Bug #2873
closedXmipp2 CL2D class averages summary page does not always correctly map the class averages to the underlying stack of raw particles
0%
Don't request more than 64 classes from a CL2D calculation
Description
This is a somewhat odd bug that was noticed by Gabe Ozorowski. It can be most-easily demonstrated with the following data set in project 444 (RHoffman - testing) session 14jul28b. (Anyone that can't view that project/session that wants to, please email me.
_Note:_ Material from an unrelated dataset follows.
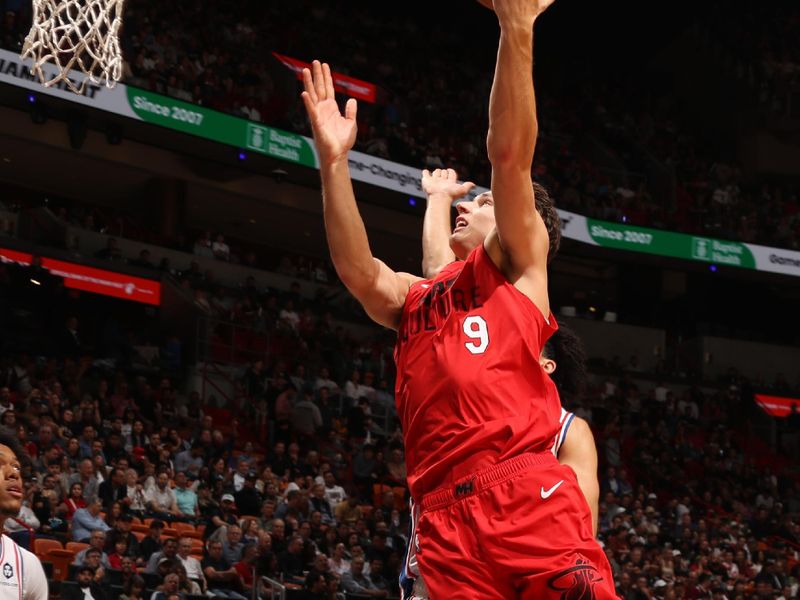 MIAMI, FL - NOVEMBER 18: Pelle Larsson #9 of the Miami Heat drives to the basket during the game against the Philadelphia 76ers on November 18, 2024 at Kaseya Center in Miami, Florida. NOTE TO USER: User expressly acknowledges and agrees that, by downloading and or using this Photograph, user is consenting to the terms and conditions of the Getty Images License Agreement. Mandatory Copyright Notice: Copyright 2024 NBAE (Photo by Issac Baldizon/NBAE via Getty Images)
I've attached a graphic that should suffice.)
I ran the same CL2D calculation, once stopping at 32 classes, and once continuing to 256 classes. "Level 4" of the 256-class calculation also has 32 classes.
So the summary page for the 32-class calculation:
http://longboard.scripps.edu/gammamyamiweb/processing/viewstack.php?expId=13761&clusterId=15&file=/gpfs/group/em/appion/rmhoff/14jul28b/align/cl2d1/part14jul28o16_level_04_.hed
and for "level 4" of the 256-class calculation:
http://longboard.scripps.edu/gammamyamiweb/processing/viewstack.php?expId=13761&clusterId=20&file=/gpfs/group/em/appion/rmhoff/14jul28b/align/cl2d2/part14jul29r01_level_04_.hed
should have the same results (varying only in whatever random seeding is associated with a CL2D run.)
Indeed, the images displayed on those two links are nearly identical (see cl2dbug.png, attached.) But the single particles correctly correspond to the class average in the 32-class example (top part of figure, annotated with green arrows) and do not correctly correspond for the level-4-of-256-class example (bottom part of figure, annotated with red arrows.)
From looking at this yesterday, we think there's some reason to suspect that it isn't a problem with CL2D but with the post-processing required to generate these summaries.
It's a pernicious problem because the incorrectly-mapped single particles will also get transferred to any substacks. We've found this problem for any (Appion-bassed Xmipp2) CL2D calculation that gives more than 64 classes. Confirmation from Dmitry and any others watchers is desirable.
Files
Updated by Dmitry Lyumkis over 10 years ago
strange ... actually every cluster is wrong in Cl2D2 (2,4,8, up to 256), whereas all of them are correct in CL2D1. I don't have this issue in the recent CL2D data that I've processed. I'm inclined to think that something else might be messed up with the records (or job?) rather than the post-processing. How come there's no job file in either of those directories? I wanted to check the difference there, but didn't see a .job file.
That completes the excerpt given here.